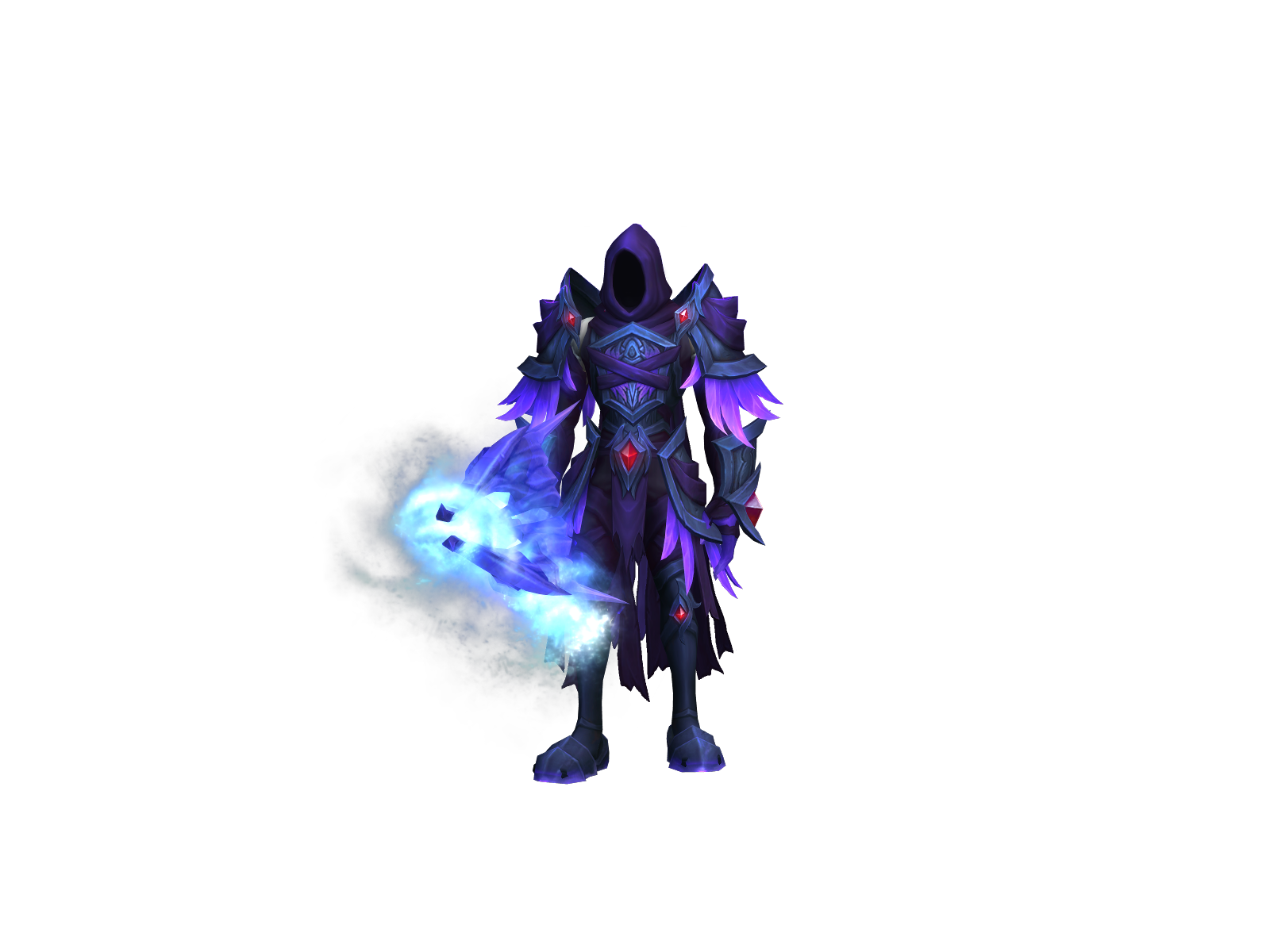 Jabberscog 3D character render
--
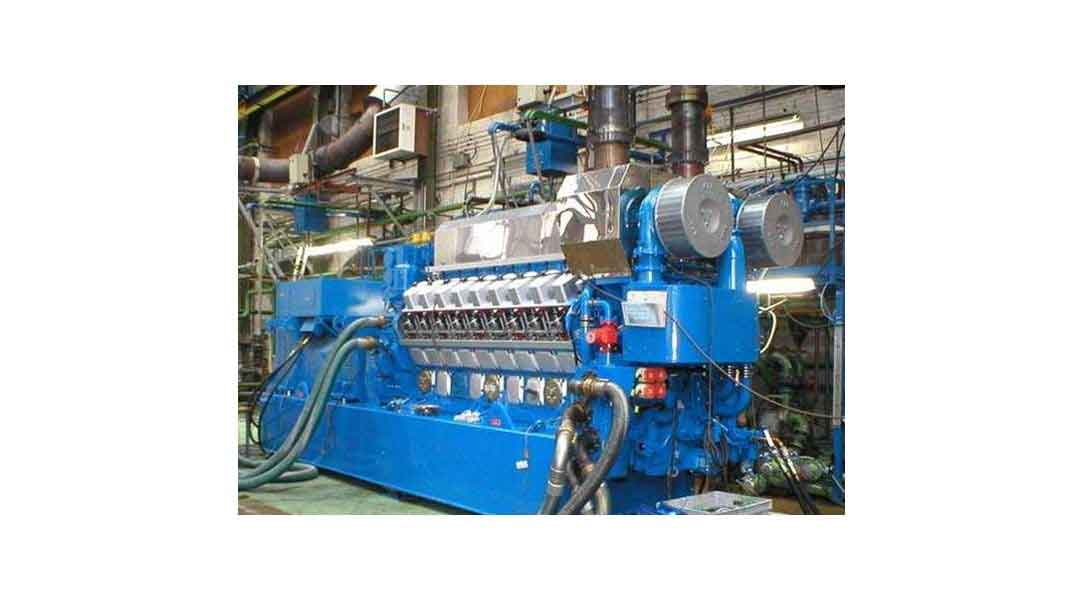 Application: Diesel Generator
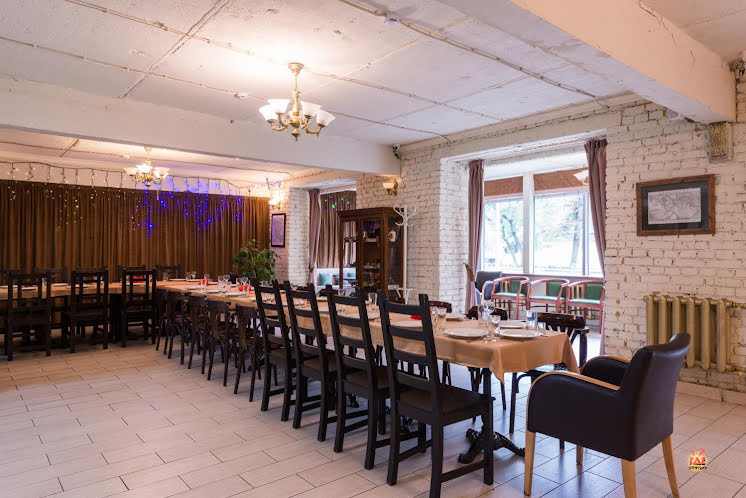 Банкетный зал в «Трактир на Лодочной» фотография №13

WHAT TO DO -
Those lines of the records above that run from the one containing "Application: Diesel Generator" through the one containing "Банкетный зал в" should be returned exactly, with no pictures among them.

EXERCISE RESULT -
 Application: Diesel Generator
 Банкетный зал в «Трактир на Лодочной» фотография №13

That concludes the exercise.